Interior Minister Gideon Sa'ar's announcement that Uganda has agreed to take in African migrants now in Israel – a statement Uganda denies – may have been premature, but it was not completely unfounded, say Israeli government officials.

A senior Israeli government official said that at best, a verbal agreement had been reached in talks led by negotiator Hagai Hadas, but that nothing was on paper, not even an agreement in principle. Another government official said talks with Ugandan President Yoweri Museveni about accepting some of Israel's migrants have been underway for a long time, but have yet to yield any practical results.

That is not likely to change before the end of the month at the earliest, he said.

"It's not over until the fat lady sings," the official said. "There are talks, but we won't be able to know before the end of September whether they are on track to come to fruition."

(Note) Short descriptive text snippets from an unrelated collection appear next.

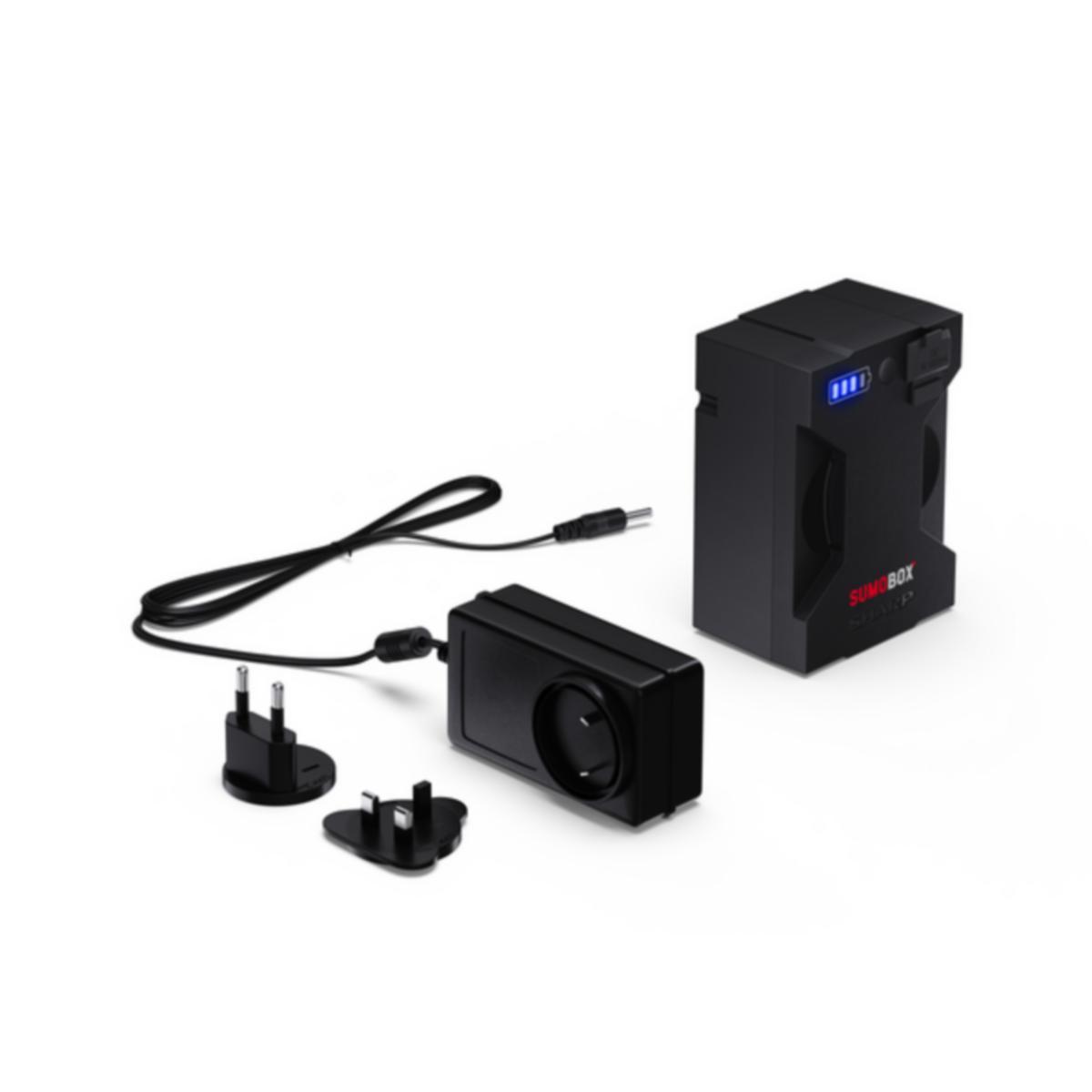 Batteri och laddare till SumoBox - BATTERI OCH LADDARE TILL SUMOBOX SHARP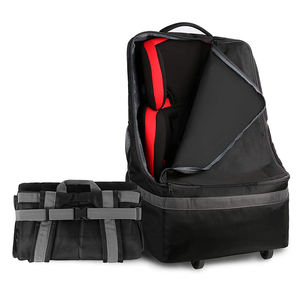 Bolsa de Viaje para Asiento de Coche Personalizada de Fábrica con Ruedas, Mochila Acolchada para Asientos de Coche con Ruedas, Bolsa de Viaje Grande y Resistente para Asiento de Coche - Product Image 2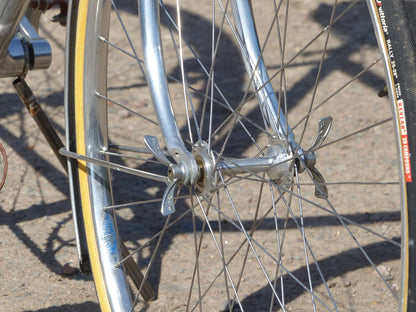 c.1942 Barra Garin Aluminium French Bicycle.
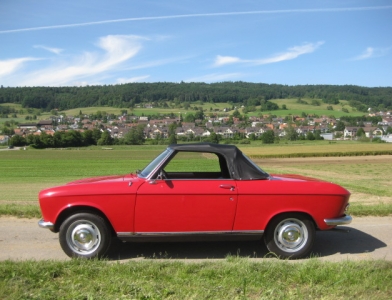 Peugeot 204 Cabriolet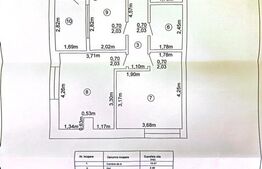 Apartament de 3 camere, 65 mp, etaj intermediar, Buna ziua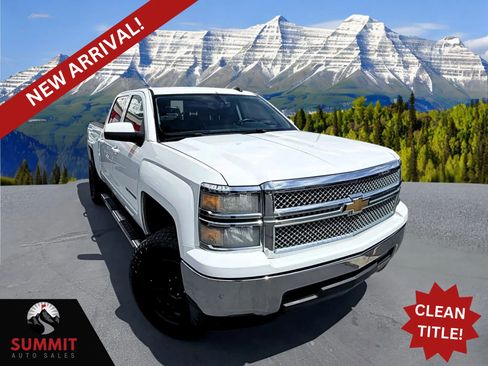 Used 2015 Chevrolet Silverado 1500 LT AWD/4WD image 1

For a verbal agreement to be transformed into a signed bilateral treaty, it must meet the relevant legal standards and be announced publicly; both countries can be expected to want the deal to win public approval as well.

However, secret deals worked out between the Mossad and its counterpart intelligence agencies in other countries are not necessarily the most suitable instruments for transplanting thousands of people from one country to another.

Even if an agreement with Uganda is ratified, it's unclear how long it would take before it was implemented or how many to what extent it would reduce the number of African labor migrants in Israel, about 55,000 of whom come from Sudan and Eritrea. A senior government official said the number of migrants who would actually end up in Uganda might be only a few hundred or a few thousand at most.

The reason for the low numbers is that the Sudanese and Eritrean migrants who would agree to go to Uganda would not be headed for its capital, Kampala, but would be sent to farms or factories that would be set up by Israel. But these don't exist yet, and when they do, it's unclear if they will be able to provide suitable employment for tens of thousands of people.

Though Sa'ar did not mention Uganda by name in last week's announcement, he said Israel had signed an agreement with a third-party African country to take in migrants from Eritrea and Sudan, but both Israeli and Ugandan officials later said no such deal has been finalized.

It "is not true, it is unfounded, false and misleading that we have such an agreement,” Ugandan foreign affairs ministry spokesman Elly Kamahungye told the French news agency AFP last week.

Not only was the announcement premature, but it also removed the film of secrecy surrounding talks on the matter and pointed to Uganda as the unnamed country in question, after a gag order was lifted in response to a request by Haaretz.

One official said Sa'ar's statement was hyperbole, adding that the hype surrounding it has not benefited the prospect of continued talks with Uganda.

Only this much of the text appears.